The Church Suffering and the Church Militant constitute in their relations a second circle of most vital activities. Having entered into the night “wherein no man can work,” the Suffering Church cannot ripen to its final blessedness by any efforts of its own, but only through the help of others—through the intercessory prayers and sacrifices (suffragia) of those living members of the Body of Christ who being still in this world are able in the grace of Christ to perform expiatory works.

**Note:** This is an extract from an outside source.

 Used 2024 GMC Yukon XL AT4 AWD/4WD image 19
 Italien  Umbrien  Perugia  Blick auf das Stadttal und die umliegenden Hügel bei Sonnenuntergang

The Church has from the earliest times faithfully guarded the words of Scripture that it is a holy and a wholesome thing to pray for the dead that they may be loosed from their sins. [2 Macab. 12, 43] The suppliant cry of her liturgy: “Eternal rest give to them, O Lord, and let perpetual light shine upon them,” can be heard already in the Acts of the martyrdom of SS. Perpetua and Felicitas (A.D. 203) and is represented in numerous sepulchral inscriptions of the most ancient period, while theologians and Fathers of the Church, beginning with Tertullian, have supplied its substantial proof. . . . So fundamental indeed and so natural to man’s hope and desire and love is this belief, that historians of religion have discovered it among almost all non-Christian civilized peoples: a striking illustration of Tertullian’s saying that the human soul is naturally Christian.
The Catholic, therefore, is jealous to expiate and suffer for the “poor souls,” especially by offering the Eucharistic Sacrifice, wherein Christ’s infinite expiation on the Cross is sacramentally represented, and stimulating and joining itself with the expiatory works of the faithful, passes to the Church Suffering according to the measure determined by God’s wisdom and mercy.